Les résultats de l’appel à projet AMI-SHS sont tombés la semaine dernière ; sur les 38 dossiers recevables 17 ont été retenus par un comité « ad hoc » pour passer une audition devant un jury scientifique international. Il y a bien sûr les déçus et ceux qui espèrent encore réussir. Mais au-delà de ce qui semble un simple appel à projet de plus, de nombreuses questions sont posées devant ce premier résultat.

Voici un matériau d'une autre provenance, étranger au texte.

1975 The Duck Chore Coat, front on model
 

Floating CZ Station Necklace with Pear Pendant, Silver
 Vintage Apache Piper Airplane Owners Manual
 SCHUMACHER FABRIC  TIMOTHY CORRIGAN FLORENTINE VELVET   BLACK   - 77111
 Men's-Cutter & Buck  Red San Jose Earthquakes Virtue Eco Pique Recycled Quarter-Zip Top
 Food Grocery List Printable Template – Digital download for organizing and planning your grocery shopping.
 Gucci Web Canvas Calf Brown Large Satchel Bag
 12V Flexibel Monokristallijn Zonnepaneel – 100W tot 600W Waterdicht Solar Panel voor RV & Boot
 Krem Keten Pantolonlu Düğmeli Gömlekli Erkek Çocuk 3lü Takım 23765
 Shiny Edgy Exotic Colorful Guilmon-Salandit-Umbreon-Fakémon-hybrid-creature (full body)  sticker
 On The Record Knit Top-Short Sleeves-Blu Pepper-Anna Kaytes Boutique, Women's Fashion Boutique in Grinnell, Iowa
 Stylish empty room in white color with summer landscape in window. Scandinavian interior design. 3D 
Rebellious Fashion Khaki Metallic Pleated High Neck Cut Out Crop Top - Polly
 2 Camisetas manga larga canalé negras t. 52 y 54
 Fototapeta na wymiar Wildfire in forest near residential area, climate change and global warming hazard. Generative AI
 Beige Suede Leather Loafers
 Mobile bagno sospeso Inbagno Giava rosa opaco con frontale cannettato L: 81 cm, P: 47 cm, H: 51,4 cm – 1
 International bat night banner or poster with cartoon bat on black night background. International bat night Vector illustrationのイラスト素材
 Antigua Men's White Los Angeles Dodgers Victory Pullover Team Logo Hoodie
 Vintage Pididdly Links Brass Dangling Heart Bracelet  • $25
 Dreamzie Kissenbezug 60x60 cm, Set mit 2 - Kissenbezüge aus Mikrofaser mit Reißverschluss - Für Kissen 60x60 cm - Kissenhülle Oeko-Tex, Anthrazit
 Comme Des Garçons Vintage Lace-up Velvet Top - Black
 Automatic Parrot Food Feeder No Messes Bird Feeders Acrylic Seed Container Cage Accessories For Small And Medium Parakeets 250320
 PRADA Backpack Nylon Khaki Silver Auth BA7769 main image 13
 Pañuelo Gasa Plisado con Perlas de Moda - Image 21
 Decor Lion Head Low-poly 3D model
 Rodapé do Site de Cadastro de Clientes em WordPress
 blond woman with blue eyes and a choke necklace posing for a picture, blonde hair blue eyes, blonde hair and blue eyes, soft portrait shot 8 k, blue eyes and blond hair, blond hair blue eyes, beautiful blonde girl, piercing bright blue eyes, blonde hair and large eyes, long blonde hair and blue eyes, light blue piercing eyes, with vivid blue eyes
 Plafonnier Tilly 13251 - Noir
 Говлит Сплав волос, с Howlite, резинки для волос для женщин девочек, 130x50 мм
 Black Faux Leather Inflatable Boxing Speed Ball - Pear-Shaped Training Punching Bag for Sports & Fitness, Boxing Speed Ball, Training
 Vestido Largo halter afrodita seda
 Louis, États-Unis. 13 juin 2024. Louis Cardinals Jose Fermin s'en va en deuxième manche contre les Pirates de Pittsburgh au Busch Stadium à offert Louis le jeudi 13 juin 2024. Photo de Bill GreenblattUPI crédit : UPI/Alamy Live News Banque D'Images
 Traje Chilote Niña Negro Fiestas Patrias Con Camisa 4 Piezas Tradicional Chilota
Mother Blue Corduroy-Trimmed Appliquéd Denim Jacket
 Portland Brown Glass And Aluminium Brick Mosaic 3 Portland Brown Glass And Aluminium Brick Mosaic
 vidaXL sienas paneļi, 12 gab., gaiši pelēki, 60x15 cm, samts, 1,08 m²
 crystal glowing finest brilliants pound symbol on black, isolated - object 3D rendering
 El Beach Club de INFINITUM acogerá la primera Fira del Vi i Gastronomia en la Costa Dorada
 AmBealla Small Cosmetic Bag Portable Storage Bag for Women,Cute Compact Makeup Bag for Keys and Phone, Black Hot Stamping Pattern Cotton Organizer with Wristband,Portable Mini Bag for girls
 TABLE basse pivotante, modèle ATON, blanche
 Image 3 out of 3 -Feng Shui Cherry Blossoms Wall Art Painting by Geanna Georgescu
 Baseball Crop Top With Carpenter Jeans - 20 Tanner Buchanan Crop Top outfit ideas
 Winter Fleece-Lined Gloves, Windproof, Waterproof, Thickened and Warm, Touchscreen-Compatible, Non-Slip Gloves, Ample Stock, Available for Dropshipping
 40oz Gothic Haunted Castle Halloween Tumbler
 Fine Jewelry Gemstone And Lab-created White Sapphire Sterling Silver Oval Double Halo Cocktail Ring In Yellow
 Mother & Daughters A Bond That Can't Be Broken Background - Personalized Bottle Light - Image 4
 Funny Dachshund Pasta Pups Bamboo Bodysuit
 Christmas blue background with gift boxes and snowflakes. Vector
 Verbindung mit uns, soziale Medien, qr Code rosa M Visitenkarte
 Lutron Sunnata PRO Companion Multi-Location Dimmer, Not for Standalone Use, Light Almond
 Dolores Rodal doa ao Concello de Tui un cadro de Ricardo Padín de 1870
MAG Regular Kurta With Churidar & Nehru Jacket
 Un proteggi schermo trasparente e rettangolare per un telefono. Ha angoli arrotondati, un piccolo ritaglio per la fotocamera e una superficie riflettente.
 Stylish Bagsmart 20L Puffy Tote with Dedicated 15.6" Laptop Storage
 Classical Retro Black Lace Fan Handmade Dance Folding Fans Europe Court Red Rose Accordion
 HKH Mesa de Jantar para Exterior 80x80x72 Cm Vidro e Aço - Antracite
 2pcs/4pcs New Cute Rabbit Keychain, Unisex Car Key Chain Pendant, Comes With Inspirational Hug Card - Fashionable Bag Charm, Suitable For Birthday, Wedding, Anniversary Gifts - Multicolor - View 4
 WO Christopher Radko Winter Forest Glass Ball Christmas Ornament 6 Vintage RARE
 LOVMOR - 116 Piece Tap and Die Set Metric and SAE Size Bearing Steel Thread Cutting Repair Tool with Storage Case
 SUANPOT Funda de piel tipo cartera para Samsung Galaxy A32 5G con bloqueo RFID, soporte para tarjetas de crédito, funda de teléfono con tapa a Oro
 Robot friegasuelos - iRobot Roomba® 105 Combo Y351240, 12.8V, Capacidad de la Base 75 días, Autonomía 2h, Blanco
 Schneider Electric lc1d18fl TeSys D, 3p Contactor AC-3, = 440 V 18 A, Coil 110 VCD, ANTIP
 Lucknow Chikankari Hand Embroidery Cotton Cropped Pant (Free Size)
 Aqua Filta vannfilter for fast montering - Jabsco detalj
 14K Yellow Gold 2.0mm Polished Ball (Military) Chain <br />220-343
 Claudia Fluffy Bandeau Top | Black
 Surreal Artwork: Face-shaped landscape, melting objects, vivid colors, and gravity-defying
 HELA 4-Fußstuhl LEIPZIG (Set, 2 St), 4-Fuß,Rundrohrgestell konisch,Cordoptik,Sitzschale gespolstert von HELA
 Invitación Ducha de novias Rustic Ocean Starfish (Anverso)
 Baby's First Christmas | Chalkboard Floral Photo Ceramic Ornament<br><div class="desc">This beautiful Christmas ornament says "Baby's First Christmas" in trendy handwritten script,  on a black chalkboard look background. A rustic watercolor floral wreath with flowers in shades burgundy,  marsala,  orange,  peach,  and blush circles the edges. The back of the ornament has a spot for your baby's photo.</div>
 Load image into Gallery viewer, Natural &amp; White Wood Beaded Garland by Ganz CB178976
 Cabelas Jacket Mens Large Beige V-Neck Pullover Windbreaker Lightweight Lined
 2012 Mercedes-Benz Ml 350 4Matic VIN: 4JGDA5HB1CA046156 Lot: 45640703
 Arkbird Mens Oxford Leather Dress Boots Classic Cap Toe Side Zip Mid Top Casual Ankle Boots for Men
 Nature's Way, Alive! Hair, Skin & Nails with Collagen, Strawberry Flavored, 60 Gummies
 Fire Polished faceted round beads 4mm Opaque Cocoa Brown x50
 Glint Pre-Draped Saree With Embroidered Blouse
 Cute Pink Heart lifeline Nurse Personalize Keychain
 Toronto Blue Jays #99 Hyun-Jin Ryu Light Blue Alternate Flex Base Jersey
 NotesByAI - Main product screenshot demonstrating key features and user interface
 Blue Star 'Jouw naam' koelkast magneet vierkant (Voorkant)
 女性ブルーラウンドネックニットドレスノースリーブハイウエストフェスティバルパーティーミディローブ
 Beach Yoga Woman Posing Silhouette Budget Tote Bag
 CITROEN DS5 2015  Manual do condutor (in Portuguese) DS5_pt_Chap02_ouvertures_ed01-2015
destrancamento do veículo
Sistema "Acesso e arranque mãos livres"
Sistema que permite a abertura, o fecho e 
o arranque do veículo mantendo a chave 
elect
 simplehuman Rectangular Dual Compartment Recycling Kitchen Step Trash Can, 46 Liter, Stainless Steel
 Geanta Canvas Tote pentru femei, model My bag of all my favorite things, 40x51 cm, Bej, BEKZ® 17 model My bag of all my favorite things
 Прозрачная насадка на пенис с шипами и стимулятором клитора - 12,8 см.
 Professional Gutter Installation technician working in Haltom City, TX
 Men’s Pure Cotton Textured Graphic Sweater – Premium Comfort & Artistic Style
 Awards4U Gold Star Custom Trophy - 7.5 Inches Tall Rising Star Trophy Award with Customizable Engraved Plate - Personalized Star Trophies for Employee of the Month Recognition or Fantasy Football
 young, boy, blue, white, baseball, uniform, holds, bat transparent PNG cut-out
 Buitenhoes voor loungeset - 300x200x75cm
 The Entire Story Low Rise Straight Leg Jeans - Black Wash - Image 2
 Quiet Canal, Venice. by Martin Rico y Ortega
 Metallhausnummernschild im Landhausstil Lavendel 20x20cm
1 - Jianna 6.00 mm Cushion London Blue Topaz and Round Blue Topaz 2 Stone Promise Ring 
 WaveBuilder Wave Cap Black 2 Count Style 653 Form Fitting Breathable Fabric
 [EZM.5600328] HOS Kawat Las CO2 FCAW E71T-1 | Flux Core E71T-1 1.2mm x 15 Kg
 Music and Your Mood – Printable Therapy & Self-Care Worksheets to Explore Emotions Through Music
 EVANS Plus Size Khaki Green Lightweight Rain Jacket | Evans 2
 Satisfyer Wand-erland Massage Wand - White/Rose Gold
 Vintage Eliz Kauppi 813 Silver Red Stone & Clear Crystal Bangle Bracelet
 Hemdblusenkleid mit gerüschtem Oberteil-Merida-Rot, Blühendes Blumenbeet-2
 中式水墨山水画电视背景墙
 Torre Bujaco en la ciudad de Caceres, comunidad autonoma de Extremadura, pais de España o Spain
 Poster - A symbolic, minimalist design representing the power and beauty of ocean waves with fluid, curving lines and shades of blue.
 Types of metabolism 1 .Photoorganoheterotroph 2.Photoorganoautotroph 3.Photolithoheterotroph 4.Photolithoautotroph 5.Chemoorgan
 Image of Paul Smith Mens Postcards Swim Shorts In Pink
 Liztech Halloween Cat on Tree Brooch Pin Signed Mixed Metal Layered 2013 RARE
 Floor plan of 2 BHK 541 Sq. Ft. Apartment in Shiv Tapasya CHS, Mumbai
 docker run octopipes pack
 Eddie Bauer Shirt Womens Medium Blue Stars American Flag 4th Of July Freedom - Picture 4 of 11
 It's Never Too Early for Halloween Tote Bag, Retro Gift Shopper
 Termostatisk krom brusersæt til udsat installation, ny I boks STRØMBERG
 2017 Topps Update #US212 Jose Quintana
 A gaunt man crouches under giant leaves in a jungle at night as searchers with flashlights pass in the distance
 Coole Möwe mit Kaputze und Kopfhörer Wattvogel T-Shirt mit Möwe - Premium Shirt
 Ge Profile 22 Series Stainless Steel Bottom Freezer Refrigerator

D’abord il faut bien reconnaître que cet appel à projet spécifiquement SHS n’est pas né dans les meilleures conditions : attendu plus de 18 mois et sans cesse remis, le PIA de 200 millions est devenu un Ami-SHS de 100 millions, saucissonné selon les thématiques favorites du gouvernement en 9 spécificités tubulaires et agrémenté de consignes contradictoires : faire émerger des « signatures » pour les établissements porteurs tout en créant des réseaux élargis. Sans parler du comité « ad hoc » dont on ignore en quoi il est « ad hoc », mais dont on comprend clairement qu’il est une particularité réservée semble-t-il aux SHS puisque ce n’est pas le jury scientifique international qui décide des dossiers qu’il souhaite lui voir présentés en audition.
Dans le temps très limité qui leur était laissé pour répondre, les communautés scientifiques SHS et les organismes de recherche se sont mis en ordre de marche pour présenter leurs dossiers dans un travail commun et transparent tout à l’honneur des chercheurs.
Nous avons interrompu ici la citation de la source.